PROBLEM DESCRIPTION: Write out the whole listing, matching it exactly.

RECORDS SHOWN:

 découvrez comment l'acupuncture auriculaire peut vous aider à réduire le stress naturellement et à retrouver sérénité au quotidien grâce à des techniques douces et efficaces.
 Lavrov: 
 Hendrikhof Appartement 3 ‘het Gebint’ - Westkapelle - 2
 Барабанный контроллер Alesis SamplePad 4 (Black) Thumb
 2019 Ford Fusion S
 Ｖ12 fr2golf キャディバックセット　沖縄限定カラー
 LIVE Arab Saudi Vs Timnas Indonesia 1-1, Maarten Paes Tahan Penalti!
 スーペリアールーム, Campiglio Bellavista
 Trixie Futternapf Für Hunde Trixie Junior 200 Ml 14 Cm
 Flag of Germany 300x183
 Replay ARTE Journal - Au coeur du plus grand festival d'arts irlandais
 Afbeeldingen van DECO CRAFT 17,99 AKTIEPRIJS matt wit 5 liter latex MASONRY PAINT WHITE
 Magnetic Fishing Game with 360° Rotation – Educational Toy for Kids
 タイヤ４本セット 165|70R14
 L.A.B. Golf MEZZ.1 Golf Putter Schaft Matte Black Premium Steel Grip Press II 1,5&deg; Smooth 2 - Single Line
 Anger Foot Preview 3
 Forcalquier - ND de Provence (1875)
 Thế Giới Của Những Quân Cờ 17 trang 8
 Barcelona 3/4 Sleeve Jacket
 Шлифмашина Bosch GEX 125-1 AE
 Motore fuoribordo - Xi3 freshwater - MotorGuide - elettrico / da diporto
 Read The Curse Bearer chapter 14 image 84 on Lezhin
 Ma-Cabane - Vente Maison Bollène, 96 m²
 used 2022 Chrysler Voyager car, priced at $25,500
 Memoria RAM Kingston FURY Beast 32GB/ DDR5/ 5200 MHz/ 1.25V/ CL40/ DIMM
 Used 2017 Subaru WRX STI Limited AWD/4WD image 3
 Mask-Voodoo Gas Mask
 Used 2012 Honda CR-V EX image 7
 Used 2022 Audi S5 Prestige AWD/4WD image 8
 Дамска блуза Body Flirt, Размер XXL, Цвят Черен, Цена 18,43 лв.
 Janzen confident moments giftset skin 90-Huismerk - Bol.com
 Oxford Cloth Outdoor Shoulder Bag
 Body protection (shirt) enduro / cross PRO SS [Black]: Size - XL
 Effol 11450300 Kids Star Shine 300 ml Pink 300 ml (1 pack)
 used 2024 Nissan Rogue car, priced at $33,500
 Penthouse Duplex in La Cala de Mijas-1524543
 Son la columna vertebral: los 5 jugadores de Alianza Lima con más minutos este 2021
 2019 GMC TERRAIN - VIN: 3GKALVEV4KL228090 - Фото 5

SOLUTION BELOW:
 découvrez comment l'acupuncture auriculaire peut vous aider à réduire le stress naturellement et à retrouver sérénité au quotidien grâce à des techniques douces et efficaces.
 Lavrov: 
 Hendrikhof Appartement 3 ‘het Gebint’ - Westkapelle - 2
 Барабанный контроллер Alesis SamplePad 4 (Black) Thumb
 2019 Ford Fusion S
 Ｖ12 fr2golf キャディバックセット　沖縄限定カラー
 LIVE Arab Saudi Vs Timnas Indonesia 1-1, Maarten Paes Tahan Penalti!
 スーペリアールーム, Campiglio Bellavista
 Trixie Futternapf Für Hunde Trixie Junior 200 Ml 14 Cm
 Flag of Germany 300x183
 Replay ARTE Journal - Au coeur du plus grand festival d'arts irlandais
 Afbeeldingen van DECO CRAFT 17,99 AKTIEPRIJS matt wit 5 liter latex MASONRY PAINT WHITE
 Magnetic Fishing Game with 360° Rotation – Educational Toy for Kids
 タイヤ４本セット 165|70R14
 L.A.B. Golf MEZZ.1 Golf Putter Schaft Matte Black Premium Steel Grip Press II 1,5&deg; Smooth 2 - Single Line
 Anger Foot Preview 3
 Forcalquier - ND de Provence (1875)
 Thế Giới Của Những Quân Cờ 17 trang 8
 Barcelona 3/4 Sleeve Jacket
 Шлифмашина Bosch GEX 125-1 AE
 Motore fuoribordo - Xi3 freshwater - MotorGuide - elettrico / da diporto
 Read The Curse Bearer chapter 14 image 84 on Lezhin
 Ma-Cabane - Vente Maison Bollène, 96 m²
 used 2022 Chrysler Voyager car, priced at $25,500
 Memoria RAM Kingston FURY Beast 32GB/ DDR5/ 5200 MHz/ 1.25V/ CL40/ DIMM
 Used 2017 Subaru WRX STI Limited AWD/4WD image 3
 Mask-Voodoo Gas Mask
 Used 2012 Honda CR-V EX image 7
 Used 2022 Audi S5 Prestige AWD/4WD image 8
 Дамска блуза Body Flirt, Размер XXL, Цвят Черен, Цена 18,43 лв.
 Janzen confident moments giftset skin 90-Huismerk - Bol.com
 Oxford Cloth Outdoor Shoulder Bag
 Body protection (shirt) enduro / cross PRO SS [Black]: Size - XL
 Effol 11450300 Kids Star Shine 300 ml Pink 300 ml (1 pack)
 used 2024 Nissan Rogue car, priced at $33,500
 Penthouse Duplex in La Cala de Mijas-1524543
 Son la columna vertebral: los 5 jugadores de Alianza Lima con más minutos este 2021
 2019 GMC TERRAIN - VIN: 3GKALVEV4KL228090 - Фото 5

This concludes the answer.